### Supplied data
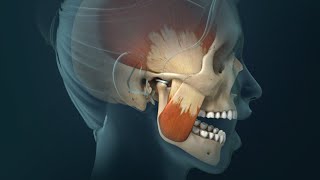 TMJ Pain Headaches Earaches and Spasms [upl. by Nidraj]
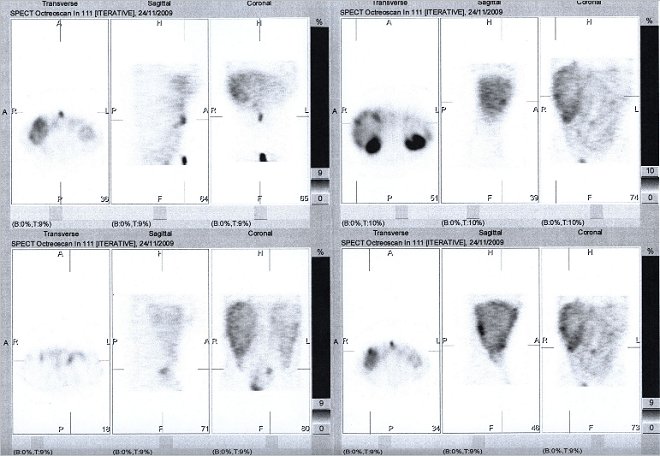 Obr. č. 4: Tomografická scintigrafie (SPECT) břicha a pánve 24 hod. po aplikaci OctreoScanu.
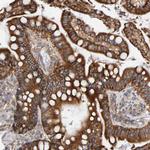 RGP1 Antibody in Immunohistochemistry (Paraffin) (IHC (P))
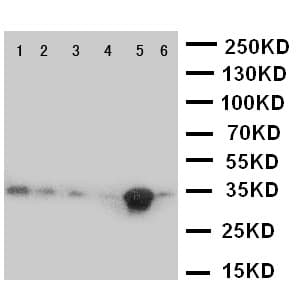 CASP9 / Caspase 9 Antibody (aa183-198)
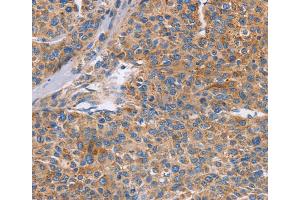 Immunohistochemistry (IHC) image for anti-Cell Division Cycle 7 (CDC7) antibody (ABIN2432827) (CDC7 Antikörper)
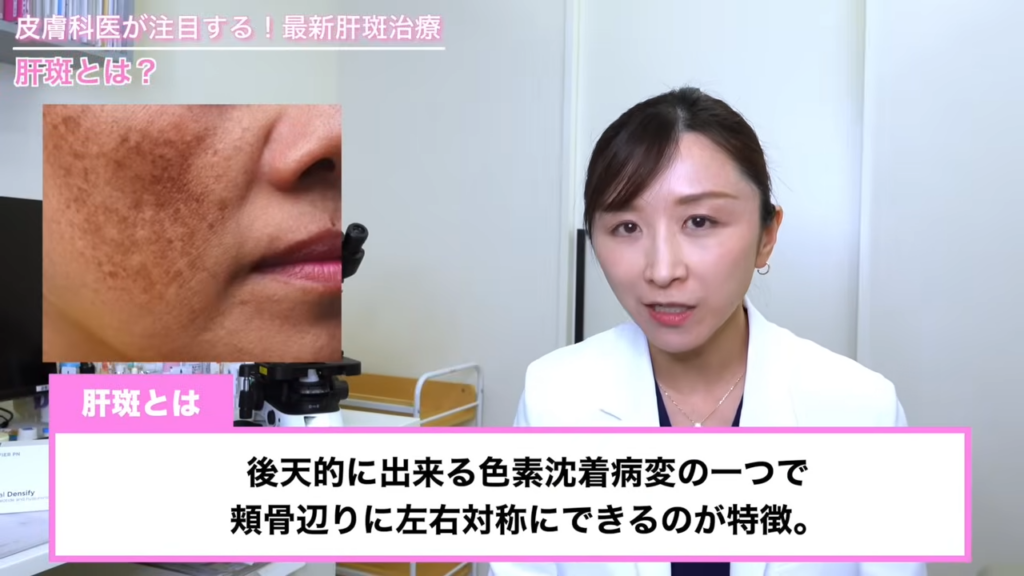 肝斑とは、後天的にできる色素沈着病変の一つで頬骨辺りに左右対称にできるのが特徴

==

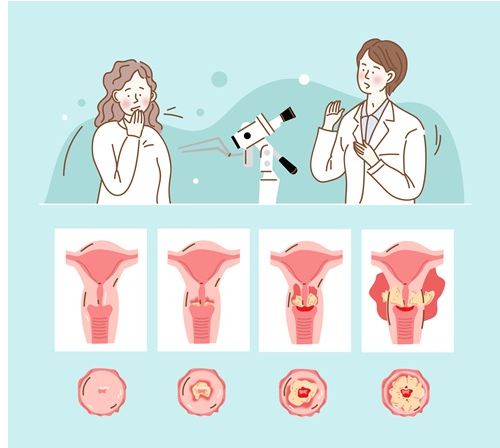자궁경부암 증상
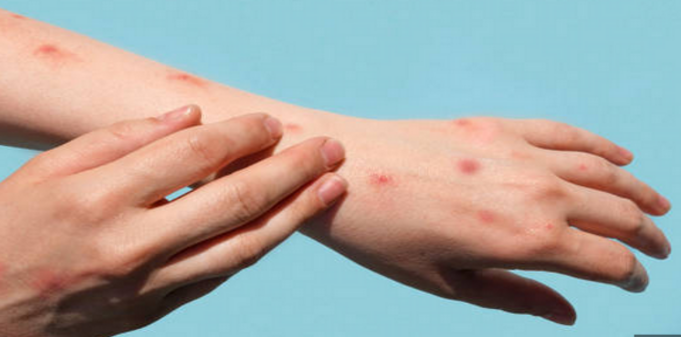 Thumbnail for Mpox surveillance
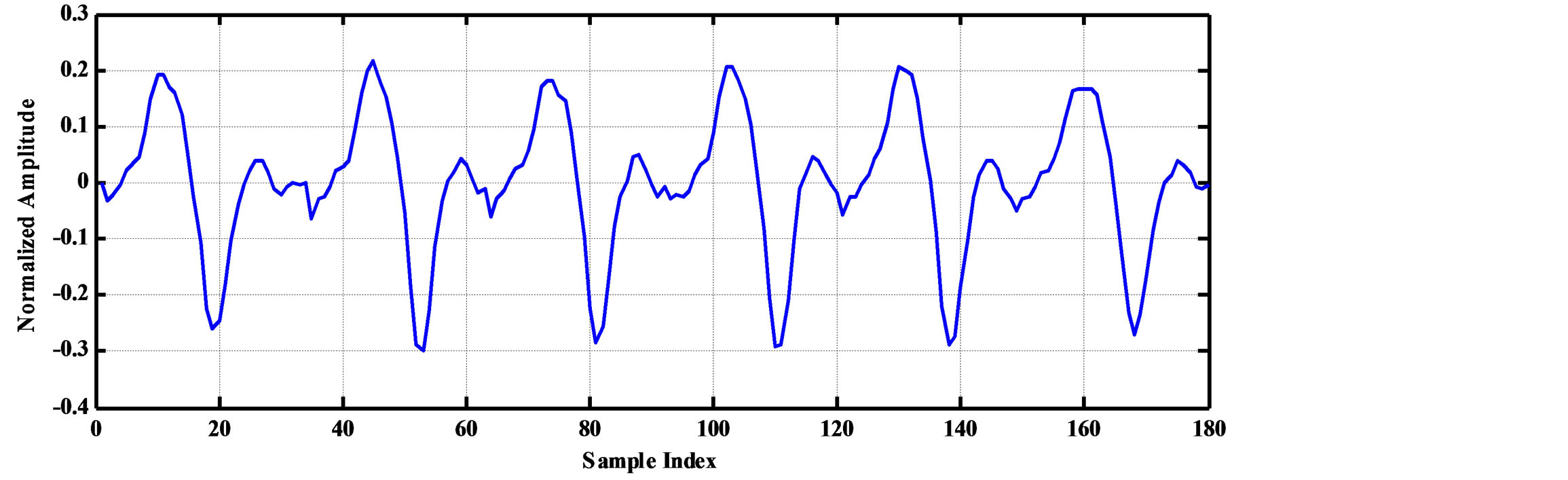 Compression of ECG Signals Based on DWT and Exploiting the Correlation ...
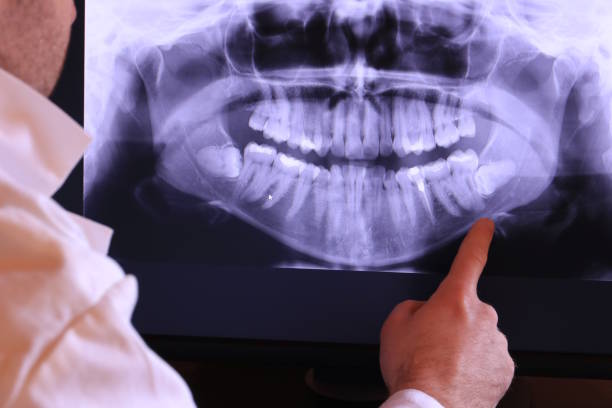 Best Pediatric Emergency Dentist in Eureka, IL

### Activity
Everything above from the line containing "Obr. č. 4: Tomografická" through the line containing "肝斑とは、後天的にできる色素沈着病変の一つで頬骨辺りに左右対称にできるのが特徴" must be repeated exactly, and the pictures must be left out.

### Solution for this task
 Obr. č. 4: Tomografická scintigrafie (SPECT) břicha a pánve 24 hod. po aplikaci OctreoScanu.
 RGP1 Antibody in Immunohistochemistry (Paraffin) (IHC (P))
 CASP9 / Caspase 9 Antibody (aa183-198)
 Immunohistochemistry (IHC) image for anti-Cell Division Cycle 7 (CDC7) antibody (ABIN2432827) (CDC7 Antikörper)
 肝斑とは、後天的にできる色素沈着病変の一つで頬骨辺りに左右対称にできるのが特徴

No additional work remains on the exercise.